#### DATA TO EXAMINE
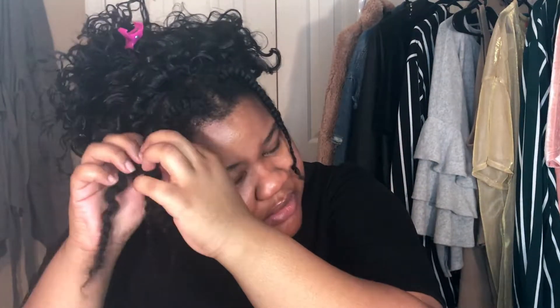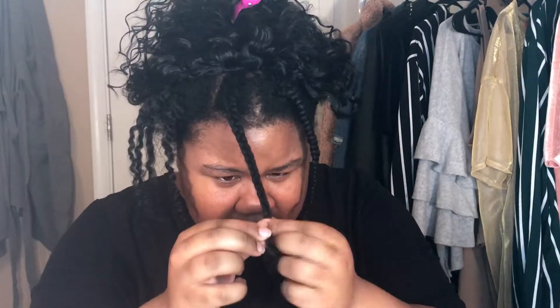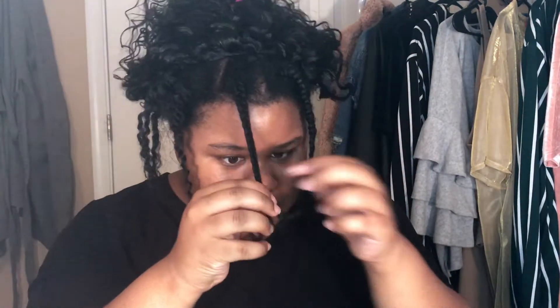I'm going to take out these twists now. Hopefully it looks decent. I did a braid out on my hair and I used leave-in conditioner and some eco styler gel — the regular green one. On the perimeter that I planned on leaving out I used the eco styler gel, but on the rest of my head I just used leave-in conditioner.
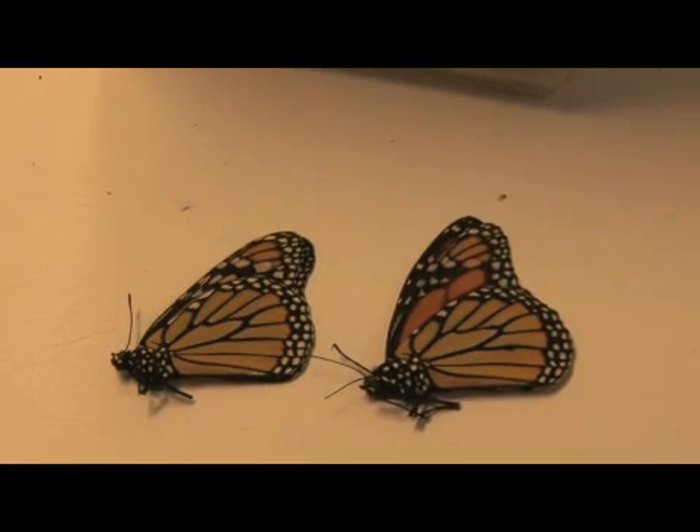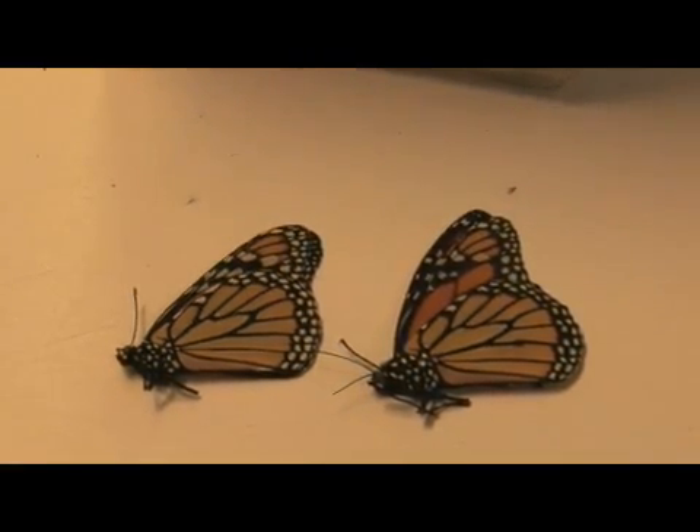Usually a migratory monarch, if you were to catch and look inside of it, would not have sperm or eggs. That butterfly is almost like it's a flying chrysalis. It will migrate south, and there are lots of studies being done now to understand how they actually know to migrate south. It has to do with day length and a bunch of other factors.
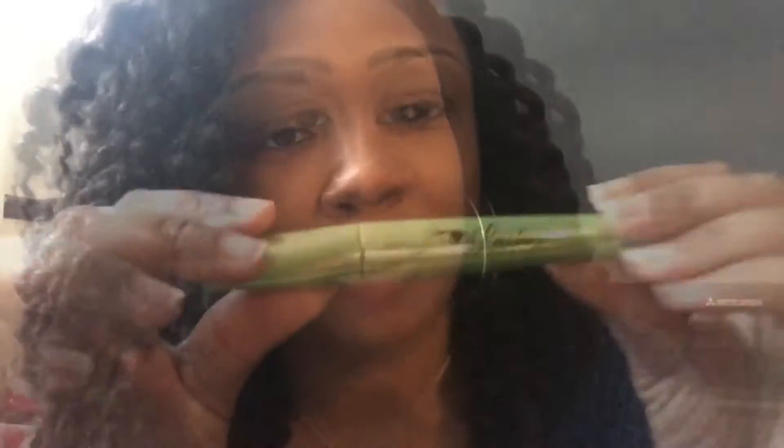These are by a company called Total Life Changes that I am happy to be partnered with. It comes in a package with these two bottles in it — one is the mascara and the other is the fiber lashes. Today I want to go ahead and do a demonstration on how to use these.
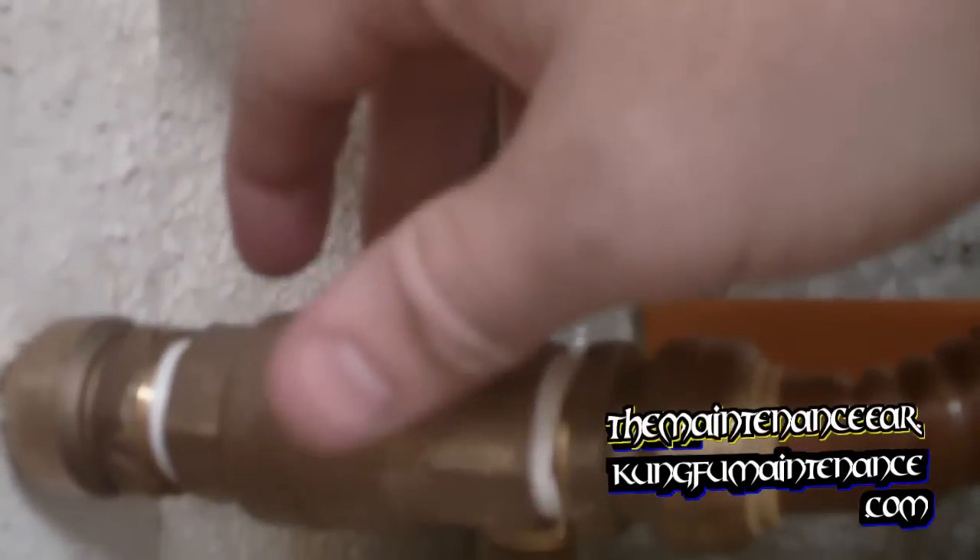One tip with gate valves: you don't really want to cinch them open or cinch them closed. When you close the gate valve, you want to close it gently. When you open it, you don't want to open it really tight towards the end — kind of leave it, especially on water heaters. That'll help prevent the gate portion from sticking inside the valve.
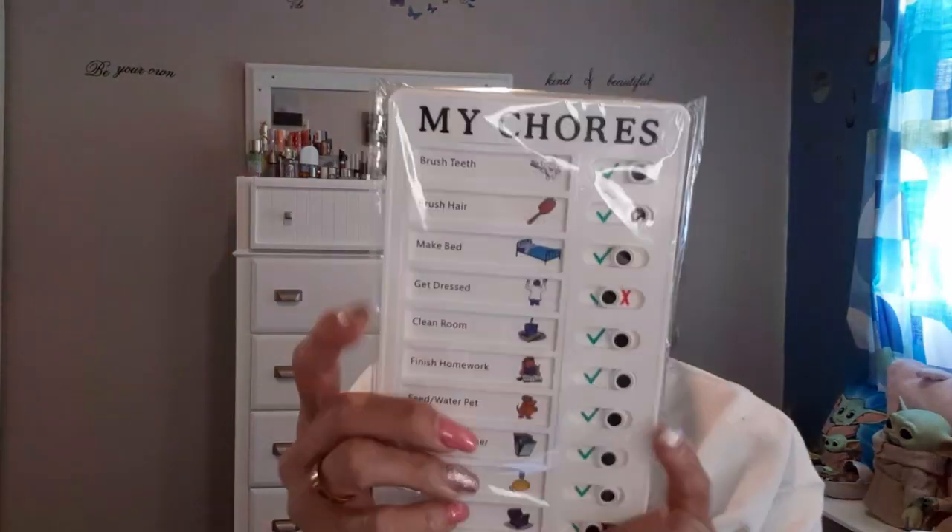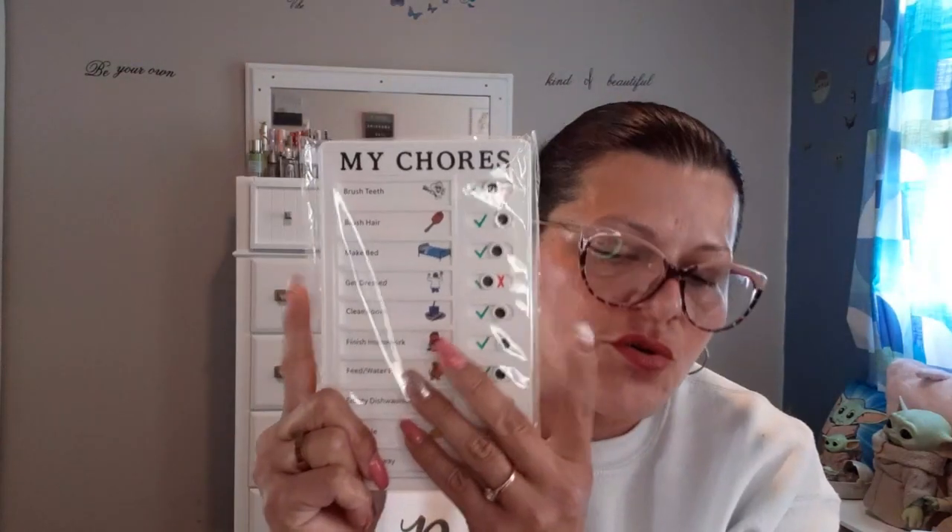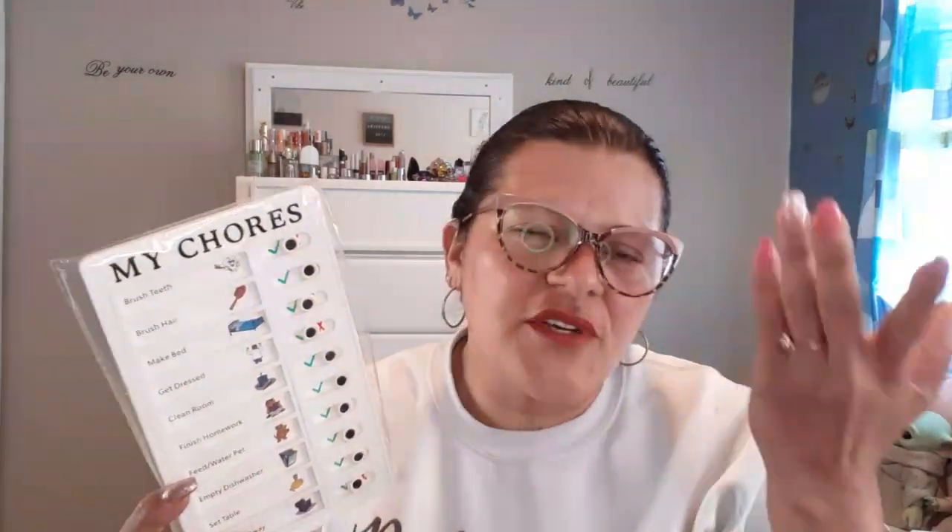Then I bought this for my grandson for his chores. Whenever he brushes his teeth, he can check it off — 'I did it.' If not, he gets an X. My son gives him points for everything that he does and then he gets his tablet. He's only eight and he is autistic, so when things are visual, it motivates him to do them. When it's not visual, he won't do it. So I thought this was something cute for him to see. That cost $1.98.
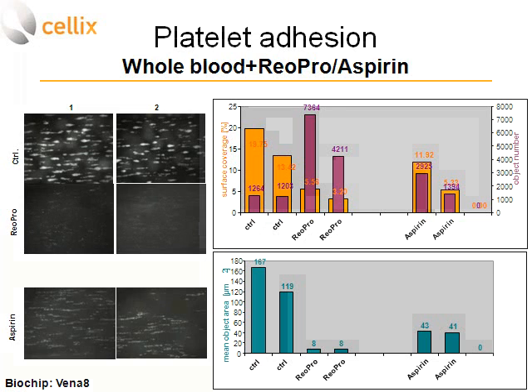If one uses the ReoPro inhibitor, which is a GP2b3a inhibitor, the picture changes completely: there are many small aggregates and single platelets covering very little area. Surface coverage is reduced (shown in orange) while the number of objects increases. In the case of aspirin, coverage by aggregates is still present but the number of objects is increased. In terms of mean object area, the control has large aggregates; with ReoPro you have only single or few platelets; and with aspirin the area of individual aggregates is reduced.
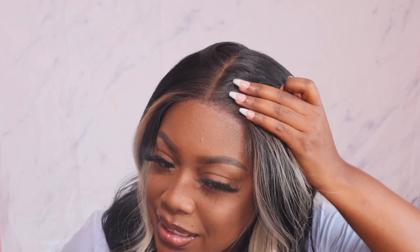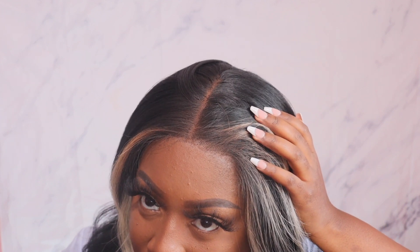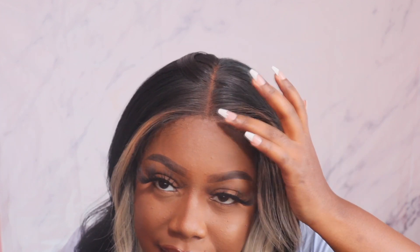The first claim is that it is a 13 by 4 hand-tied lace. It definitely is, as I showed you guys in the previous clips. It says that it has a pre-plucked hairline. With this one, it's the same way I felt about the other one — I don't feel that this is necessarily a pre-plucked hairline. It does look pretty good where there are baby hairs and stuff, but it's not like super pre-plucked. So if you like that super plucked look, you're definitely going to have to go in. And then the last claim is that it has special colors — it definitely does.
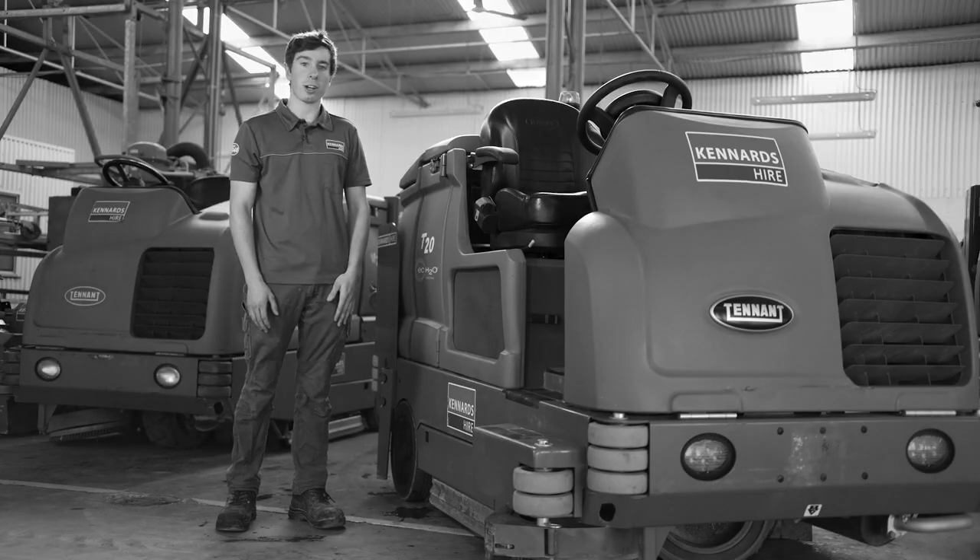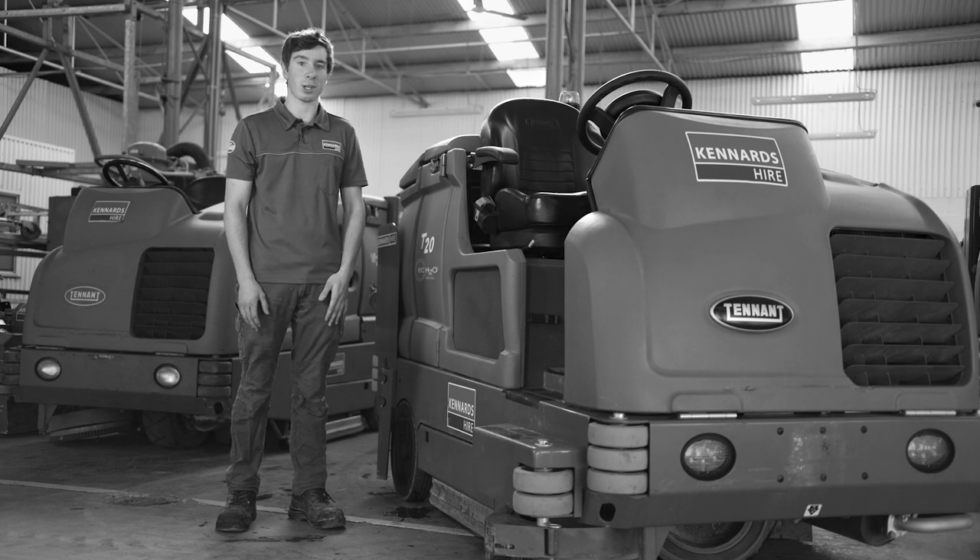It's the latest model with touchscreen operation. If you'd like to see this and more, speak to one of the experts at Kennard Tyre.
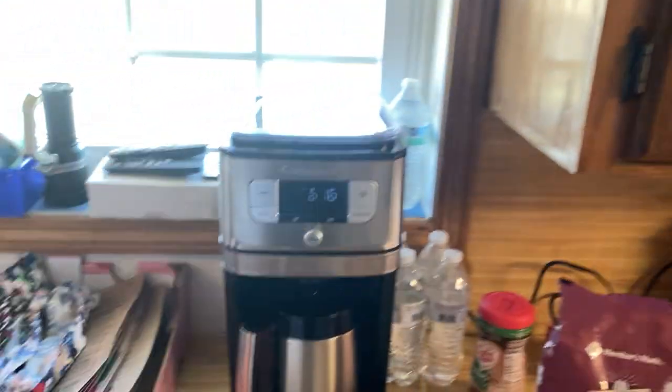Hey guys, Ratty Dog here. Hope you guys are doing good. I'm going to show you my new coffee maker. I just got this thing and it is incredible.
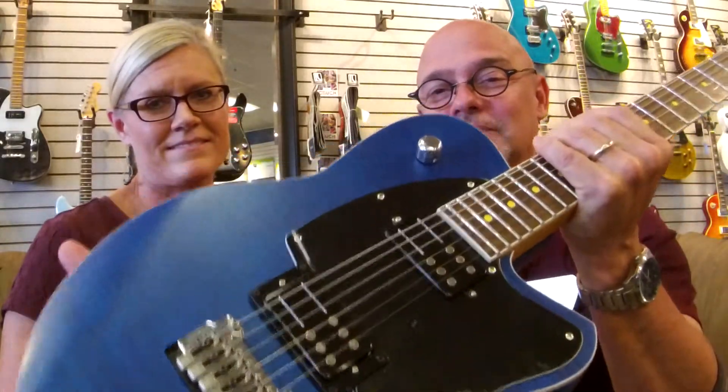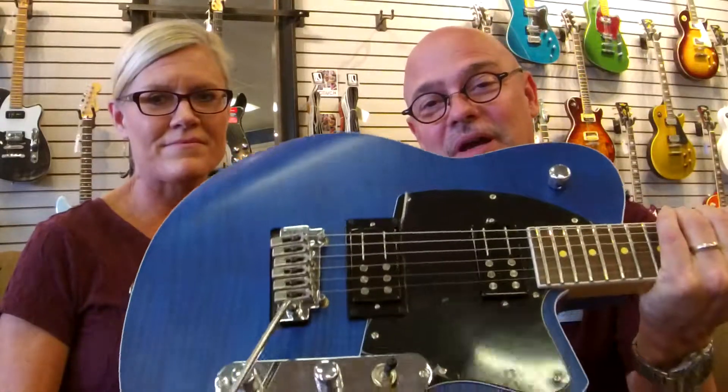My course is this beautiful Reverend Reeves-Gabriel Signature Model Guitar. This is a Carina body, maple top, rail hammer pickups, Wilkinson tremolo, has the tilt-back headstock, bass boost, and a push-pull here. And it's finished in beautiful blue. It's an amazing guitar.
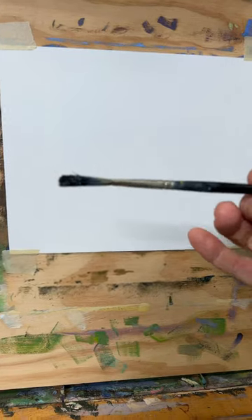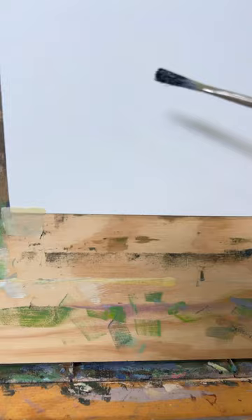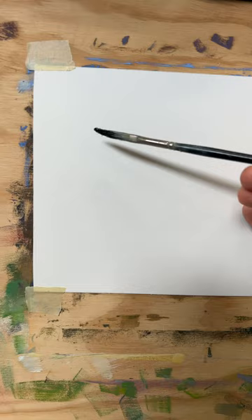I'm going to show you how I use my extra long filbert brush — I had questions about this. You can use it sideways; it's about an inch long brush. So you can use it sideways, like kind of lay it down like this.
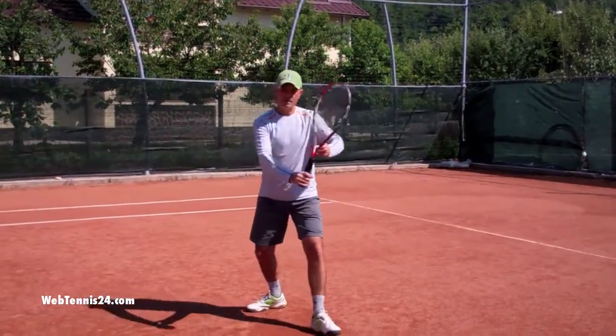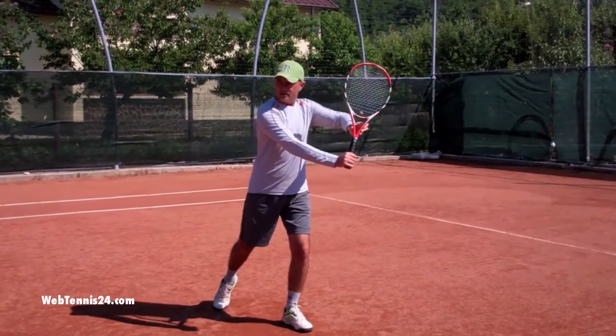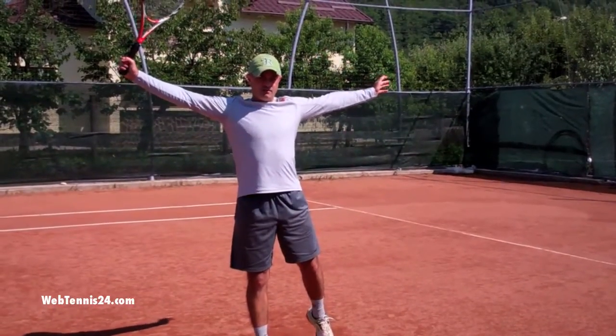Ready position, step out, change your grip. Bring your racket high, then as the ball comes, step in, swing low to high, follow through.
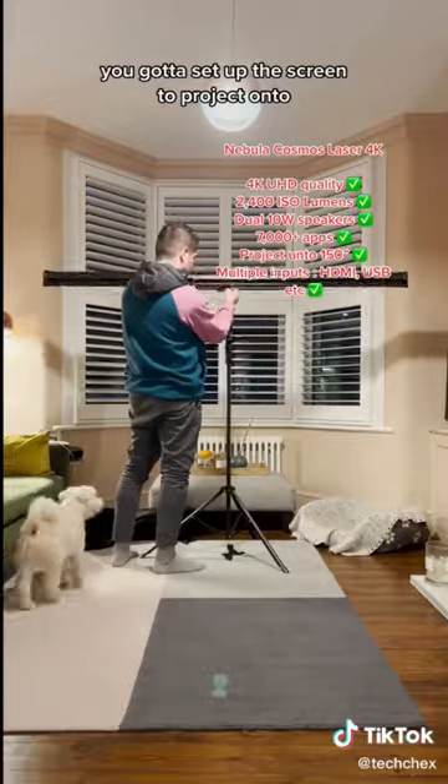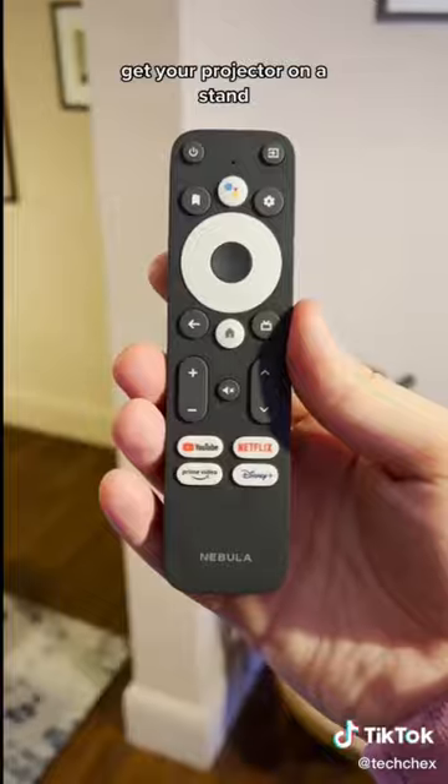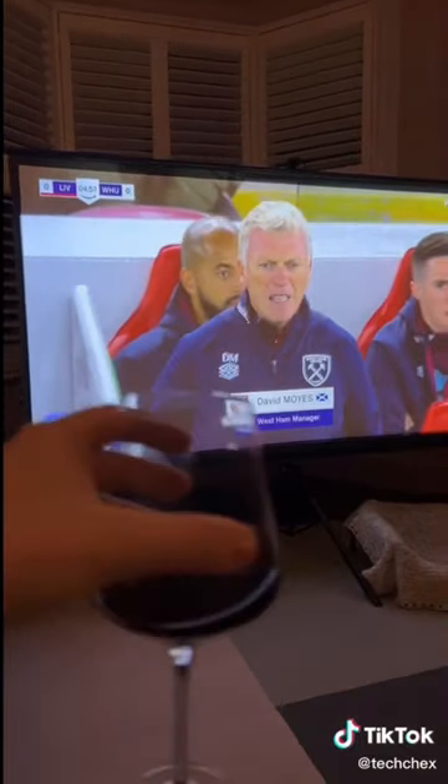Firstly, you've got to set up the screen to project onto, or you can just project onto the wall, whatever suits you best. Get your projector on a stand and you're good to go. And this thing is awesome. Cheers.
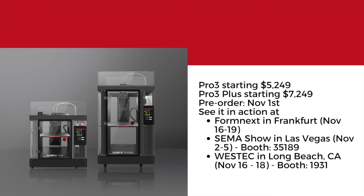The Pro 3 is going to be starting at $5,249 with the Pro 3 Plus starting at $7,249. We're opening pre-orders on November 1st, and you can see it in action at Formnext in Frankfurt, the SEMA Show in Las Vegas, and West Tech in Long Beach.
########
● YOUR TASK: Output exactly those lines of the data above that run from the line with "Hey guys, Ratty" up to and including the line with "Ready position, step". No pictures go in.

● REPLY TO THE EXERCISE:
Hey guys, Ratty Dog here. Hope you guys are doing good. I'm going to show you my new coffee maker. I just got this thing and it is incredible.
My course is this beautiful Reverend Reeves-Gabriel Signature Model Guitar. This is a Carina body, maple top, rail hammer pickups, Wilkinson tremolo, has the tilt-back headstock, bass boost, and a push-pull here. And it's finished in beautiful blue. It's an amazing guitar.
I'm going to show you how I use my extra long filbert brush — I had questions about this. You can use it sideways; it's about an inch long brush. So you can use it sideways, like kind of lay it down like this.
Ready position, step out, change your grip. Bring your racket high, then as the ball comes, step in, swing low to high, follow through.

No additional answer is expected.